Douglas Tirola’s documentary, “Bernstein’s Wall” (Topic Studios), is another story altogether. Queer viewers who felt cheated that “Maestro” pushed Bernstein’s homosexuality to the side will likely find much to admire in Tirola’s doc.
Much of “Bernstein’s Wall” is in the lauded conductor and composer’s own words and voice. When Bernstein speaks of the “boundaries, barriers, walls dividing our lives on unrealistic maps,” he sounds as if he could be speaking about the current state of the world.
The doc gets the biographical facts out of the way early on. The aunt who moved away from Boston and left her upright piano behind. Young Bernstein’s interest in the instrument and the lessons that followed (although his Russian immigrant father opposed it).
Following graduation from Harvard at 20, realizing he didn’t want to work for his father, he studied conducting at the Curtis Institute in Philadelphia, and later at Tanglewood in the Berkshires, where he met instructor and fellow homosexual: composer Aaron Copland. Bernstein and Copland’s letters, in which the younger man wrote about queer sexual desire are worth the price of admission alone.
By 25, having moved to New York for “subsistence,” Bernstein experienced the kind of career breakthrough most people can only dream about. Throughout the 1940s and 1950s, Bernstein’s star continued to ascend, with success after success on the Broadway stage, in concert halls, in movies, and on TV.
Through it all, however, Bernstein’s struggle with and confusion about his sexual identity is at the heart of his emotional and physical well-being. Even after marrying, and then fathering three children, it’s obvious that it’s a dominant aspect of his personality. His wife, Felicia, even addresses the subject in a letter to Bernstein, writing “you are a homosexual and you may never change.”

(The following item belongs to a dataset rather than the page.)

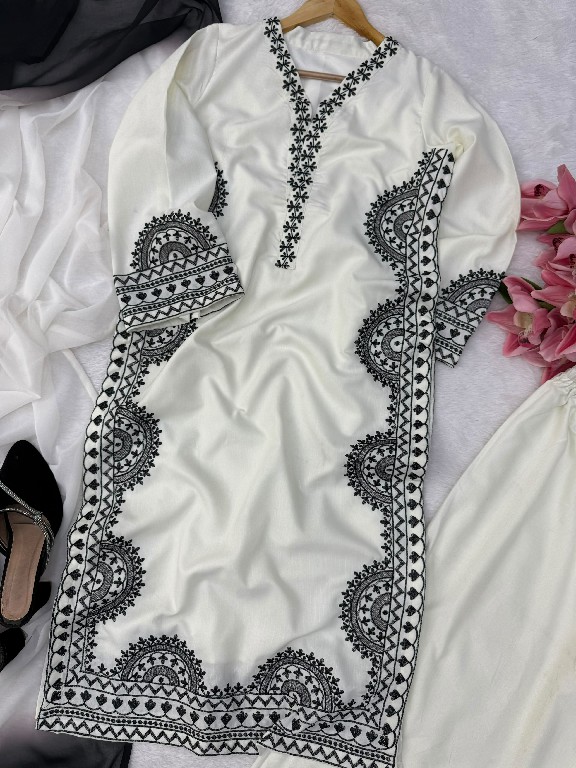 TEXTILEDEAL D.NO 6060 WHOLESALE READYMADE BISCUIT SLUB UNIQUE ELEGANCE 3 PCS SUITS EXPORTER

Because the doc is in Bernstein’s own voice, it is not sentimental in the least. In fact, the various controversies in his life, including being on McCarthy’s radar during the Hollywood Blacklist era, as well as earning himself a spot on Nixon’s enemies list for the famous gathering he hosted for the Black Panthers (about which Tom Wolfe wrote in his book “Radical Chic & Mau-Mauing the Flak Catchers”), combined with his anti-war and civil rights activism, presents a stellar portrait of a man whose spirit and energy we could benefit from today.